There is actually a potential solution to this problem, which is surprisingly low cost:
1) Adjust the timing of the light (free)
2) Build a U-turn for the bus across the median of Aberdeen Road, a safe distance before the Mount Auburn Street intersection. And while this would require the hanging of some additional power lines, the relative cost to other road safety projects is fairly low, compared with the potential to improve the safety and flow of the intersection.
Why then is there not action by the State DOT? Generally the problem is lack of funding for infrastructure projects and secondarily there are often problems with zoning and available space. This is why you will see similarly poor design in states like New York, near the city.
But beyond this, you also have traditionally low standards for roadways in the Commonwealth of Massachusetts, a kind of understood acceptance that we have bad/slow roadways.

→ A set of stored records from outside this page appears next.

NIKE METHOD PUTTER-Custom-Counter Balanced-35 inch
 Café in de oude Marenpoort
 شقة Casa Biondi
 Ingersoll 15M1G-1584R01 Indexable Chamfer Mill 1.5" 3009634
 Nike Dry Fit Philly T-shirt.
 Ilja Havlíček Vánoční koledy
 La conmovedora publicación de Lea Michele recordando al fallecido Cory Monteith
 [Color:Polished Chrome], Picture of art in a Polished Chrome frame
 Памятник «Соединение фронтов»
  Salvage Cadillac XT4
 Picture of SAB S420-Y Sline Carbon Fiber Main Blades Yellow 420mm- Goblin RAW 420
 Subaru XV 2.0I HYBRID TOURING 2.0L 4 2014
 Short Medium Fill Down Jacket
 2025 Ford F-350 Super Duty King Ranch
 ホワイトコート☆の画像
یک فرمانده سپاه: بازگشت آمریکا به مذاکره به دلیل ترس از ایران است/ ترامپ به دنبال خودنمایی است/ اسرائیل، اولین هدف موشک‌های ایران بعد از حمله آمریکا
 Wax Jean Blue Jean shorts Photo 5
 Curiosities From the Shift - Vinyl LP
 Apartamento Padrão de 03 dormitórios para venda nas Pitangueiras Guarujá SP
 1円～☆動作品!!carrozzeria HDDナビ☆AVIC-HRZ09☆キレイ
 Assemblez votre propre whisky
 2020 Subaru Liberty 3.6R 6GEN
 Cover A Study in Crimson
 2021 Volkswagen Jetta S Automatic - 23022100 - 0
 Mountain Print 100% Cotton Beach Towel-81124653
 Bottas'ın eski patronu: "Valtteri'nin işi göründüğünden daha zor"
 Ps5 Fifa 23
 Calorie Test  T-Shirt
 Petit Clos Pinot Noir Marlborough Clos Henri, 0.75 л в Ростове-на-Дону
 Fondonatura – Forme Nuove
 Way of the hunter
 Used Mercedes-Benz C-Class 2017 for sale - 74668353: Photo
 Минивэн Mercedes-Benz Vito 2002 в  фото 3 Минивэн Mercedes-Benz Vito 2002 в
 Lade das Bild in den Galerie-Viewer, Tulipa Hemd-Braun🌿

There are two exceptions worth noting among the thousands of poorly designed highways in Massachusetts, both coincidentally occurring at places where I-95 breaks from being part of the 128 beltway to continuing its worth as a north-south connector.
North of the city, the flyover ramp built from 128/95 northbound to direct continuing I-95 traffic north towards Newburyport is fairly well designed in this direction. Although the construction created massive delays as the roadway was temporarily detoured onto Route 1, the end result allows traffic to merge to the right early on and then funnels two lanes off and over 128 which goes on towards Peabody and Gloucester. Unfortunately, the same can't be said of the ramp which funnels traffic back onto 128 from I-95 coming from the north because that ramp dumps traffic into a weaving pattern with 128 southbound traffic trying to get onto Route 1.
On the south side of the city, you have two well designed ramps, one a flyover, which brings 128 traffic onto I-95 heading towards Providence.
What is sad is that traffic could actually improve with simple signage, both on the road side and painted into the lanes, which creates early warning reminders of which lane to be in for thru traffic and exiting traffic. Many of Boston's greatest highway bottlenecks come from exits which are full of weaving drivers. Still, signage is no replacement for proper design and although we do have a few ok ones here, the majority remains poor.
Anyone who uses the southeast expressway between Boston and Braintree knows that this is one of the most insufficient arteries of any city in the US. The simple problem is that there are no major arteries moving traffic south of the city other than this highway and the southeast expressway must manage traffic:
- commuting from the southern suburbs
- going to and from Providence
- going to and from the Cape and the Islands
- going to the south shore
The expressway is simply too narrow to handle the traffic and as a result, fills up in both directions virtually throughout the day. And being a raised roadway, the Southeast Expressway has little chance of being widened a testament to some of the poorest advanced planning that I can recall as I review transportation systems.
The state has done what it can, adding HOV lanes and more rail service - but the reality is that Boston needs a highway linking the city with the 95/93 interchange in Westwood and unless we happen to come across an unused billion dollars, this is just not likely to happen.